Only when an enterprise is significantly large enough does the closed hostageware even begin to offer SLAs and modification of the software, and then only under significant and repeat pressure of massive purchase withholdings in the tens or even hundreds of millions of U.S. dollars. This approach, although well known by blue chip companies when dealing with Microsoft, seems to have escaped the largest Microsoft consumer -- the U.S. federal government. It seems only one major political figure has publicly suggested that the U.S. federal government use its enormous purchasing power as a consumer to enforce its will on Microsoft, instead of as a regulator with anti-trust lawsuits. Indeed, the recurring theme of this article is that consumers have a choice in their own mitigation of risk and should not blame anyone but their own risk analysis (or any lack of such proper risk analysis) to their data.

Vendor Roadmap -- Has the Software Shown a History of Portability and Forward Direction?

One of the major arguments used by "closed software" vendors against "open software" is the product roadmap for purposes of strategic planning. Commerceware vendors who value their proprietary source and standards recognize the importance of innovation and value of what others do not offer. Like the other two factors of risk in adopting closed software, commerceware vendors will show a history of under-promising and over-delivering, including hitting not only target dates, but delivering the software completely as promised.
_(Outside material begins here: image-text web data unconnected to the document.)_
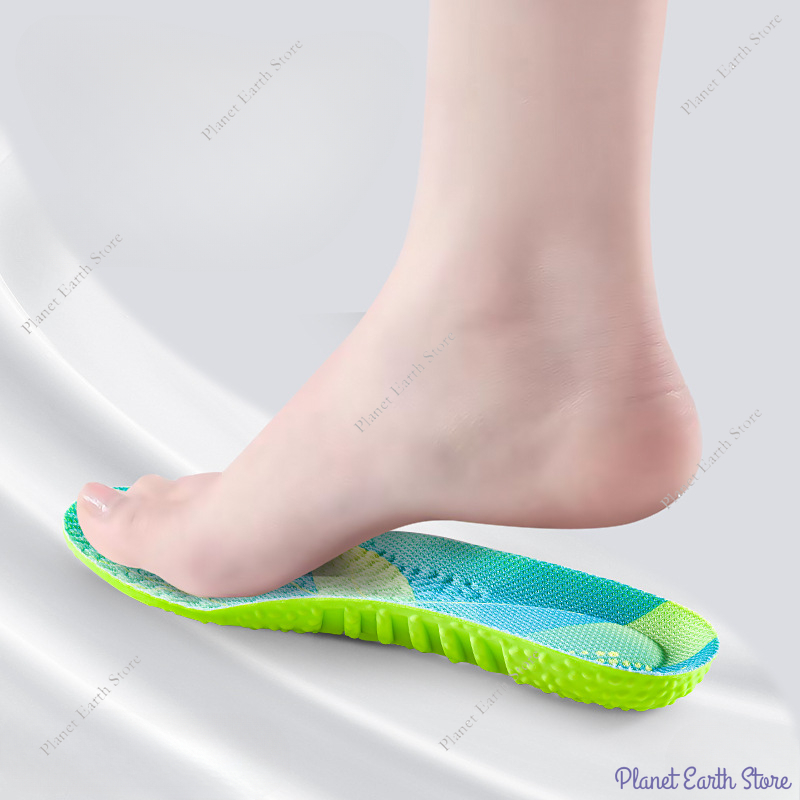 Größe 35–46, 1 Paar Sport-Stoßdämpfungs-Einlegesohlen, Luftpolster, atmungsaktiv, Fußgewölbeunterstützung, orthopädische Schuhe, Polster, Elastizität, Schuhpolster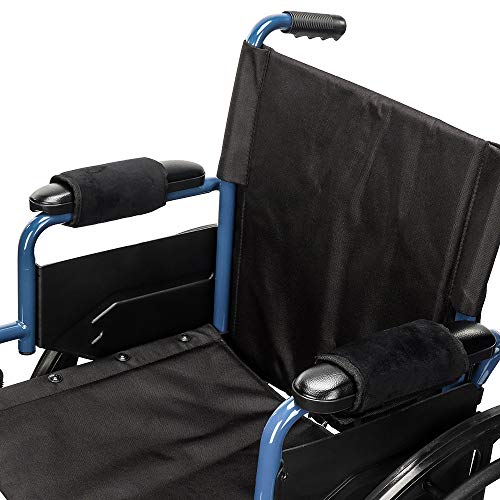 Walker Hand Grip Covers Pad Medical Soft Hand Grips Cushion Anti Silp Crutch Handle Pads Mobility Aid Hand Cushion Universal for Walker Wheelchairs Rollator Black 5.5" x 8.7" Diameter 2"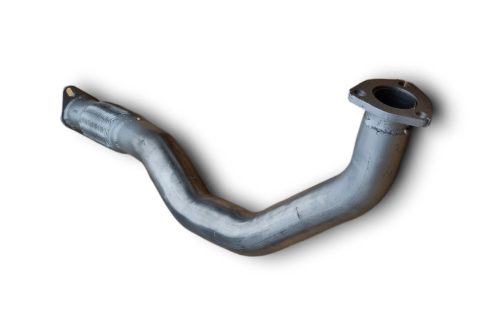 Front exhaust pipe with vibration damper, 65mm, for Nissan Patrol Y60 2.8D 3 doors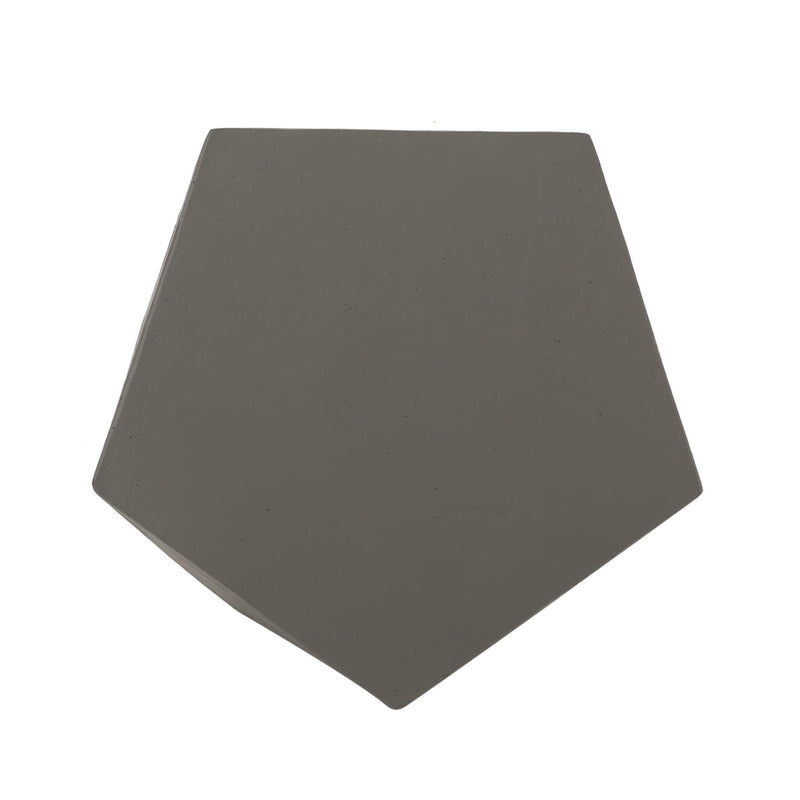 Side Table With Geometric Design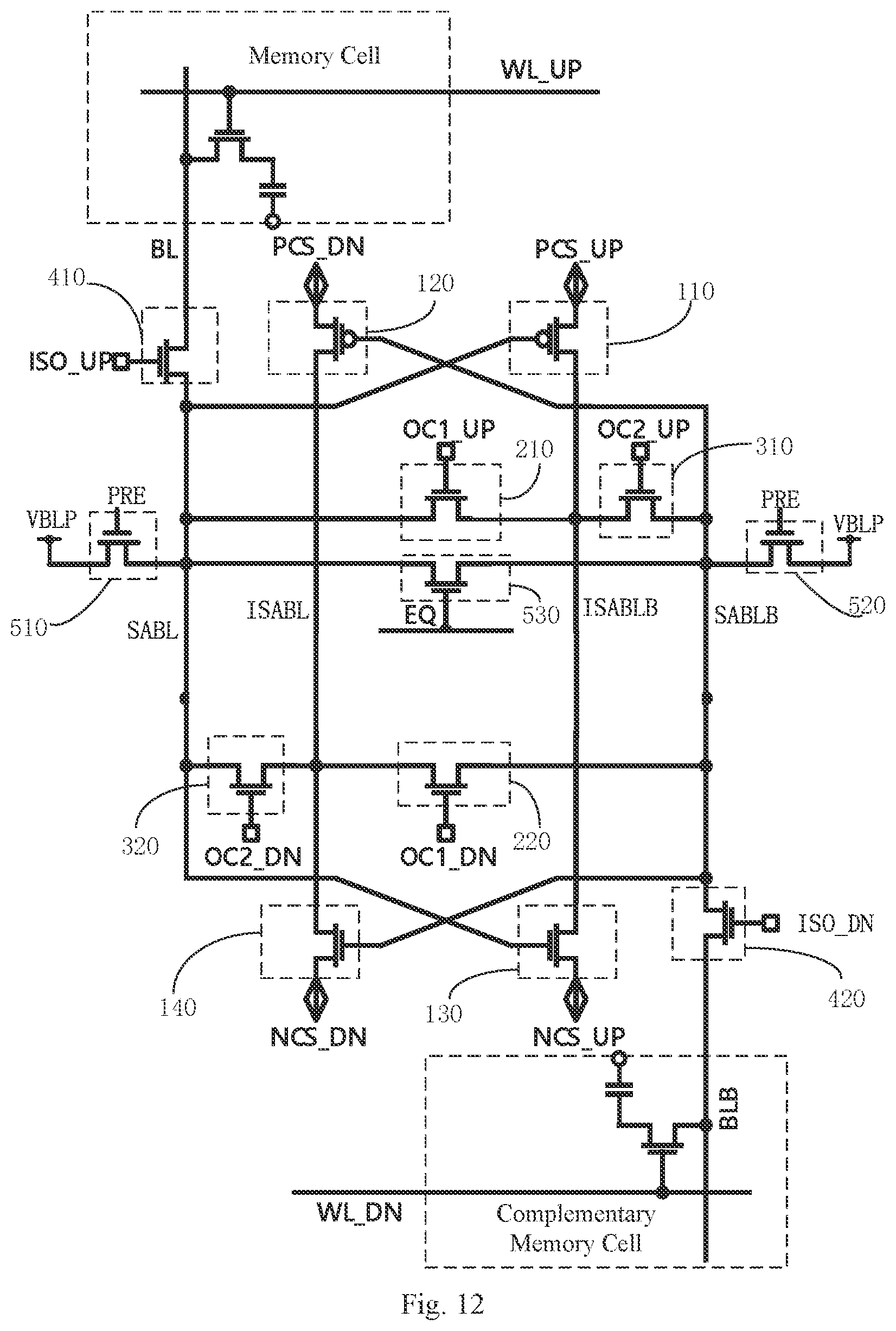 Patent US12112824 Figure 12 – Sense amplifier circuit and data read method
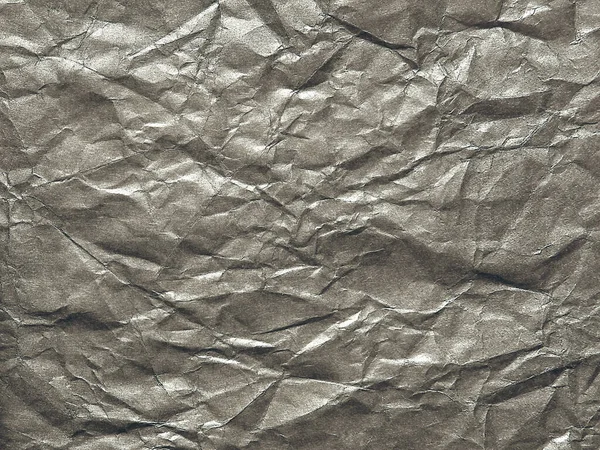 Silver Crumpled Paper Background — Stock Photo, Image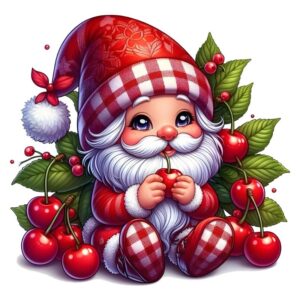 Heat transfers Iron on stickers  Gnome Elf Dwarf 93 for Tshirts Iron on Decal Patches Stickers Clothes Hat Pillows DIY Crafts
This includes being able to port software to new platforms as they become popular or more effective. With the dollars to fund less commodity research and development (R&D) and stay ahead of competitors and even open software, commerceware vendors that have solid roadmaps with a history of such "delivery integrity" mitigate the most risk in adoption by organizations.
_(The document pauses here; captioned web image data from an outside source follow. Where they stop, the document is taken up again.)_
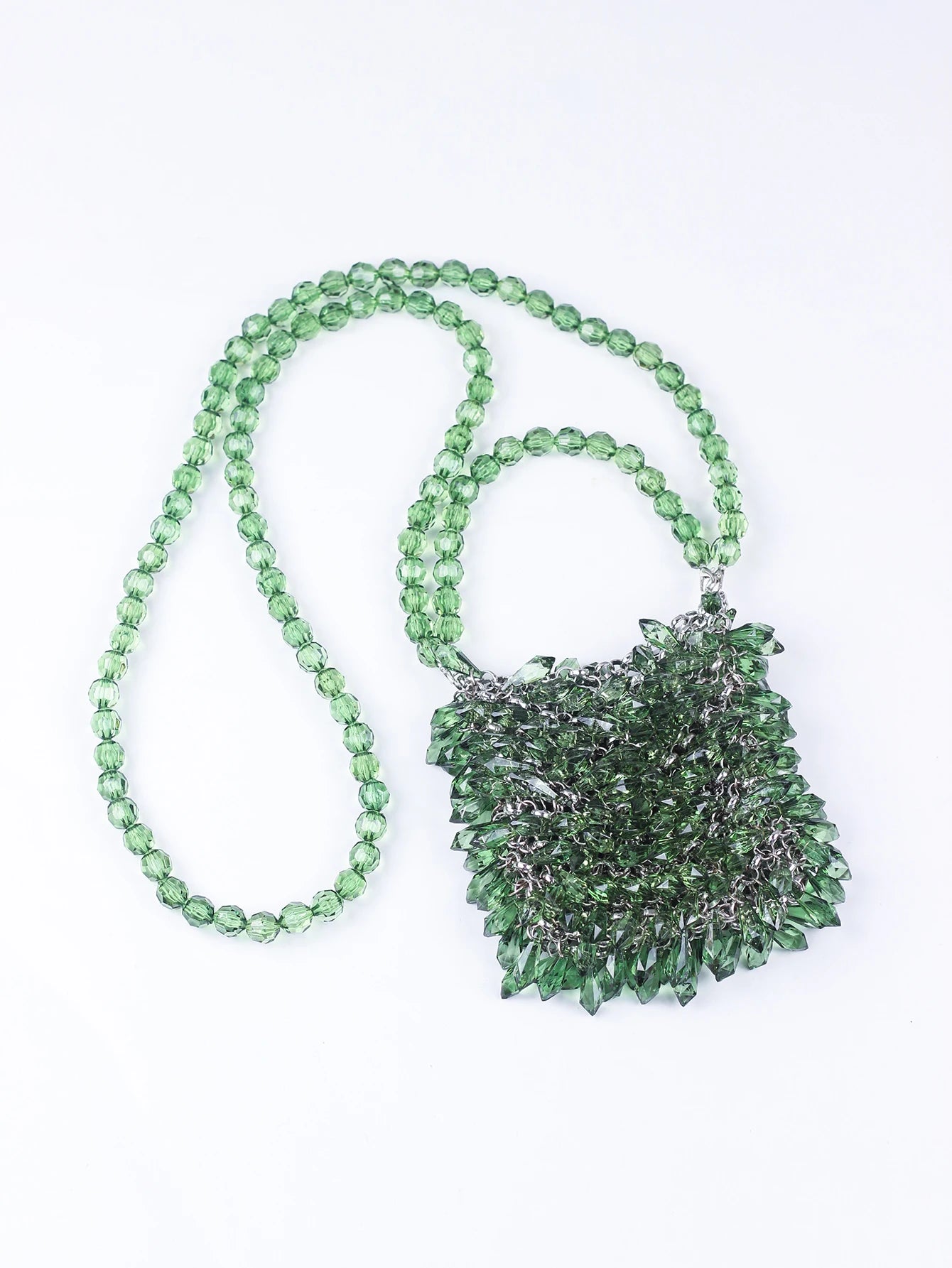 Bolsa de Cristais Verde
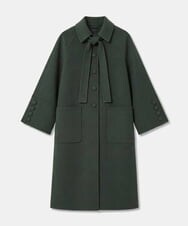 VZUAG08940 TARA JARMON(タラ ジャーモン) タイカラーダブルフェイスロングコート タイム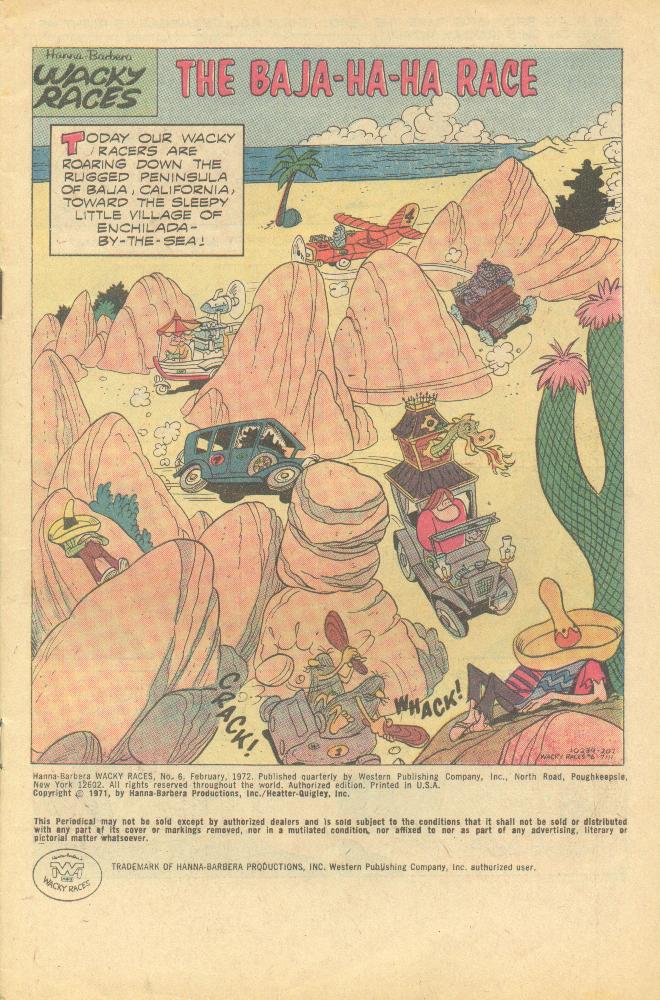 Read online Hanna-Barbera Wacky Races comic -  Issue #6 - 2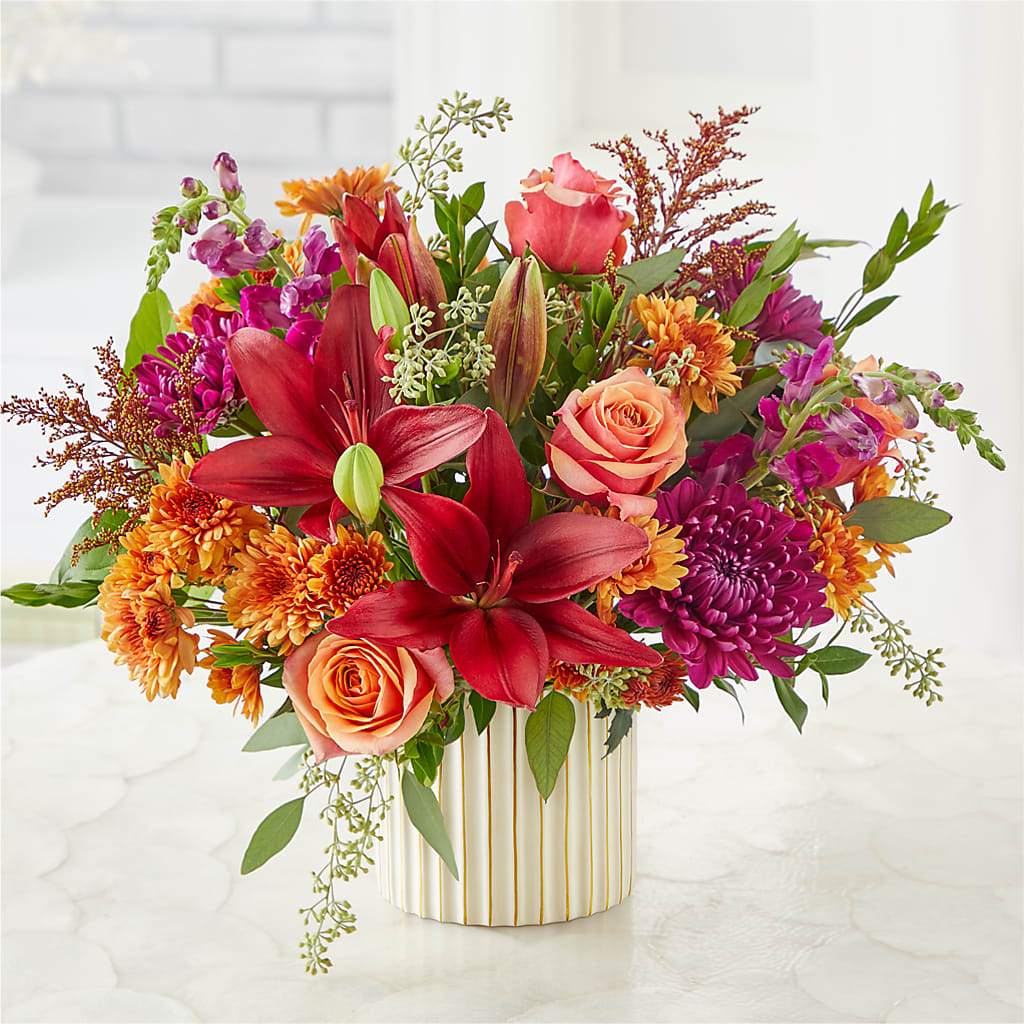 Burgundy Landscape Bouquet –  Maes Flower Shop, Ville Platte LA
Unfortunately, select closed hostageware vendors have the worst roadmap histories. They have not only shipped products late, but not as originally advertised. These vendors and their products quickly become obvious because the developer release versions of their software lack the technologies advertised. Because they control the OEM and distribution channels, there is little reason for them to include promised features because most consumers accept what is available through these channels.
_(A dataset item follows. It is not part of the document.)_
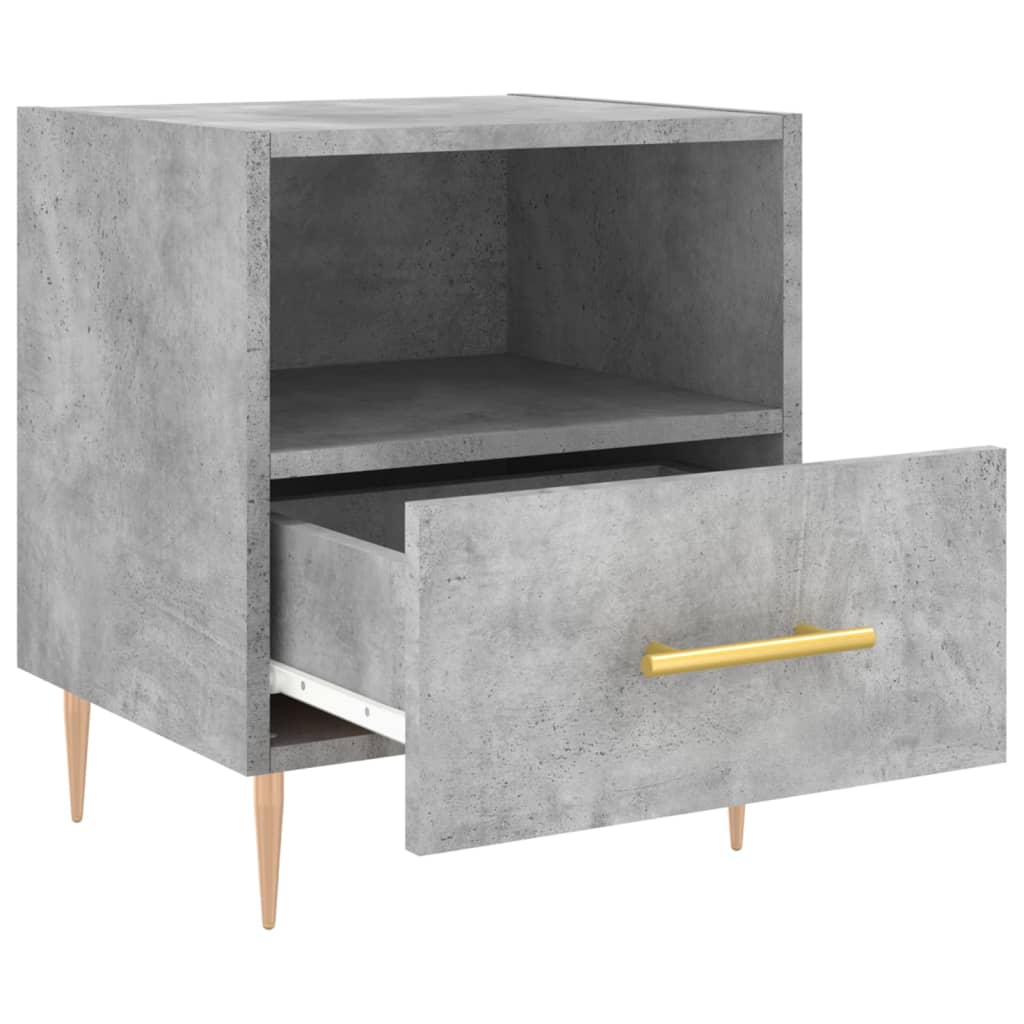 Nightstands (2 pcs) Concrete Grey 40 x 35 x 47.5 cm Particleboard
Closed Hostageware: Backone and ArchPI

A closed hostageware vendor will only maintain full backward compatibility with one version, changing binary data fields every version so they are incompatible with versions more than one version back. The latest version only saves all data into the new format; saving in an old format is unsafe/incomplete. Remember, closed hostageware vendors are more interested in maintaining control of existing market share and/or distribution channels, so they do not have to sell a product on merits at the retail shelf. In fact, most closed hostageware is typically outsold by competitor's products on the retail shelf, but that is only 10% of the total market.

  • Backone allows customers who upgrade with every version to still read their immediately preceding version documents.
  • It penalizes customers who do not upgrade every version, as binary data fields two versions back now conflict with new ones.
  • A Backone-wielding vendor may not even differentiate versions, calling them all "97 format", but actually implement this strategy with each release.
  • Backone also keeps the binary data format a moving target, inhibiting reverse engineering.
  • By the time the format is reverse engineered, it is two versions behind and useless for companies who constantly upgrade the hostageware for the previous reasons of last release compatibility.
  • Third-party vendors who attempt to support the Backone formats must not only identify and parse the correct, version-conflicting data field formats, but do so at a far greater R&D cost than the original, closed hostageware vendor.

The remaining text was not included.